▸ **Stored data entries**

= = =

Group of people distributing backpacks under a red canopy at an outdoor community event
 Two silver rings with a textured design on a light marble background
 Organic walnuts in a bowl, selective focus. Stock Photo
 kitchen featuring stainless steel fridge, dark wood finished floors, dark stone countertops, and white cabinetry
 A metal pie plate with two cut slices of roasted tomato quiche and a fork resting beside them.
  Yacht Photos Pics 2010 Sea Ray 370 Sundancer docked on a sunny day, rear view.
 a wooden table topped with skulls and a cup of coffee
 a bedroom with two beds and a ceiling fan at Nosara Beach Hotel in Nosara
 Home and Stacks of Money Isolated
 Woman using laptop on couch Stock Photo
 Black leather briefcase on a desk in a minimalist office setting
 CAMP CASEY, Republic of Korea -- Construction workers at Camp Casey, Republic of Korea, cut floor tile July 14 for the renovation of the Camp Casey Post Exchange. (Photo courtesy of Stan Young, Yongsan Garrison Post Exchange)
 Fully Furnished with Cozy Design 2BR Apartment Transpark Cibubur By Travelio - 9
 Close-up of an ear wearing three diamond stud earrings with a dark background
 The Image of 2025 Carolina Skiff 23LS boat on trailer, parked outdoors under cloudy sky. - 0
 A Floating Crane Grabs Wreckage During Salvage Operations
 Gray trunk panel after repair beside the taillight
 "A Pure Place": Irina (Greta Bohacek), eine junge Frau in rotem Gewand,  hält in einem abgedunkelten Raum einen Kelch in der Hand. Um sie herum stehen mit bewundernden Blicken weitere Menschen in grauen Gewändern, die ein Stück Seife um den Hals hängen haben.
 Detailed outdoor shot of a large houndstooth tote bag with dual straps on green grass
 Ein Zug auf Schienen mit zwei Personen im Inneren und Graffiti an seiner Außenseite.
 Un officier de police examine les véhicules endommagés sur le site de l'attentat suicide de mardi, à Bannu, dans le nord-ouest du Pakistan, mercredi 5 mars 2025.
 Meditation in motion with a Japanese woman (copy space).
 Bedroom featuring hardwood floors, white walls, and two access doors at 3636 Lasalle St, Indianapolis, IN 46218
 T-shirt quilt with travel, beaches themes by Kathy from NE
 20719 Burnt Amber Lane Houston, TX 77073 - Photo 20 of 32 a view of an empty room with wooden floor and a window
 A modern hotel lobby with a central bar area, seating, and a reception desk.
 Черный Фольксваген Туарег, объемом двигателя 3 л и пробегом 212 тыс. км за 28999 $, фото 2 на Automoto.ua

= = =

▸ **WORK INSTRUCTIONS**
Which lines above hold the string "beside"? Please copy all of them.

▸ **ANSWER AREA**
 A metal pie plate with two cut slices of roasted tomato quiche and a fork resting beside them.
 Gray trunk panel after repair beside the taillight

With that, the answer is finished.